─── Input ───

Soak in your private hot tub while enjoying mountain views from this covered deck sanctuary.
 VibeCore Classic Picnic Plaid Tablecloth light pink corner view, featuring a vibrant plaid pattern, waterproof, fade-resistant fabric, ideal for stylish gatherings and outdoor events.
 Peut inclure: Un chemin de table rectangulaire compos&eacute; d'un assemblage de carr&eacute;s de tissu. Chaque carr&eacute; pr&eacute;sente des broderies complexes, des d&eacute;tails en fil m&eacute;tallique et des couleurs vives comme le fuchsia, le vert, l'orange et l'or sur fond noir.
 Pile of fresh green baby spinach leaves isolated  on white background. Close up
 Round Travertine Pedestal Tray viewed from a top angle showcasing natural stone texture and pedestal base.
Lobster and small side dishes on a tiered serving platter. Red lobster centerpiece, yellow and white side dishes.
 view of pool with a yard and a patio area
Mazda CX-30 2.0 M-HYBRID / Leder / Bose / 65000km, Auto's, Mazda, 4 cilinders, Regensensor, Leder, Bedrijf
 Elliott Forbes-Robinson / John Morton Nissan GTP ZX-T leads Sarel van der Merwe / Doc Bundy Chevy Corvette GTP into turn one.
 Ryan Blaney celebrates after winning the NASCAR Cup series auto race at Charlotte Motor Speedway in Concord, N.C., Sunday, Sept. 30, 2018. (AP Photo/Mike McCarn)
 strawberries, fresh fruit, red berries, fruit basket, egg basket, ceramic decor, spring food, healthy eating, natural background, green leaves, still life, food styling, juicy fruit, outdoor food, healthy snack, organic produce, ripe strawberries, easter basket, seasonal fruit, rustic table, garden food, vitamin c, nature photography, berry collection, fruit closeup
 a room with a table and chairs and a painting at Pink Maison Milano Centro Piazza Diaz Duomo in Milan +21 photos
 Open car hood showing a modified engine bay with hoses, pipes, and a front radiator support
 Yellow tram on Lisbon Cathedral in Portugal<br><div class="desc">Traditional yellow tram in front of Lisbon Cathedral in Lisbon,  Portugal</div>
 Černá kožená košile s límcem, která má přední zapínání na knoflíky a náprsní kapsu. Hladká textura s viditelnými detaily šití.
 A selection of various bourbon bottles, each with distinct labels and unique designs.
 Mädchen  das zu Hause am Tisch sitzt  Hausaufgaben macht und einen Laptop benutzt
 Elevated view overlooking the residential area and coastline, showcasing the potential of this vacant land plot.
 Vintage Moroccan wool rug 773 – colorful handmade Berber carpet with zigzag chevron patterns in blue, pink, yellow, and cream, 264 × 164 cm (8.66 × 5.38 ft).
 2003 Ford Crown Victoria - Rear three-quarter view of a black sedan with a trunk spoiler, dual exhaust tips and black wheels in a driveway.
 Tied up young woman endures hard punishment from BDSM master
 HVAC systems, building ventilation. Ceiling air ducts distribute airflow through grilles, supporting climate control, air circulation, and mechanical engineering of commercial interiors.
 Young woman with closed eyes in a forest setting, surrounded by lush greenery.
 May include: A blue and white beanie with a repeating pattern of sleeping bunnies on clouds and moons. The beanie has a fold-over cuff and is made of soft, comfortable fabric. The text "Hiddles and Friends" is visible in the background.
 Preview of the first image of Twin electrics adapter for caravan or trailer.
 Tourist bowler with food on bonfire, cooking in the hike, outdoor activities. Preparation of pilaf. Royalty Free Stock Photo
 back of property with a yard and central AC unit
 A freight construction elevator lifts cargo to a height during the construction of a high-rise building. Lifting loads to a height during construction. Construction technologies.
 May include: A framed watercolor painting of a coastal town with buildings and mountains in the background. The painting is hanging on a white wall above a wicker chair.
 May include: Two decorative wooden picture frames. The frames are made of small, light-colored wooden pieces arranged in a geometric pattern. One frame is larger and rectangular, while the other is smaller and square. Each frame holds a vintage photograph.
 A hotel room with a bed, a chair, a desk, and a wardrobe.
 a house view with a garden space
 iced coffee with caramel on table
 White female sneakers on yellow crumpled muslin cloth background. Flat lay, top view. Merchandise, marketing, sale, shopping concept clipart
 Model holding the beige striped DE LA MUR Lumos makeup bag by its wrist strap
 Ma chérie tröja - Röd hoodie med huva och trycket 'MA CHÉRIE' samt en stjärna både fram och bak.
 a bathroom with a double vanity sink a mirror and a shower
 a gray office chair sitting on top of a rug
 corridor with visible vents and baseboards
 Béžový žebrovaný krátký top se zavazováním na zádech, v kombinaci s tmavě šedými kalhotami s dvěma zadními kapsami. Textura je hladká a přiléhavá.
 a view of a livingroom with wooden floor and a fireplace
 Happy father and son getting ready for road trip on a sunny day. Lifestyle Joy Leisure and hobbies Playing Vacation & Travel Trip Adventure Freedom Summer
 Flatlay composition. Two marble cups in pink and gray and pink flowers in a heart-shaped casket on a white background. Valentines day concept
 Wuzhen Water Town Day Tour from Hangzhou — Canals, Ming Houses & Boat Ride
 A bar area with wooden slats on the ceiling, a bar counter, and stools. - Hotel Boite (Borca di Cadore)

───

# Problem description:
Beginning with the line that holds "Béžový žebrovaný krátký" and ending with the last line of the listing, output every line exactly. Leave out everything else.

# Result for this task:
 Béžový žebrovaný krátký top se zavazováním na zádech, v kombinaci s tmavě šedými kalhotami s dvěma zadními kapsami. Textura je hladká a přiléhavá.
 a view of a livingroom with wooden floor and a fireplace
 Happy father and son getting ready for road trip on a sunny day. Lifestyle Joy Leisure and hobbies Playing Vacation & Travel Trip Adventure Freedom Summer
 Flatlay composition. Two marble cups in pink and gray and pink flowers in a heart-shaped casket on a white background. Valentines day concept
 Wuzhen Water Town Day Tour from Hangzhou — Canals, Ming Houses & Boat Ride
 A bar area with wooden slats on the ceiling, a bar counter, and stools. - Hotel Boite (Borca di Cadore)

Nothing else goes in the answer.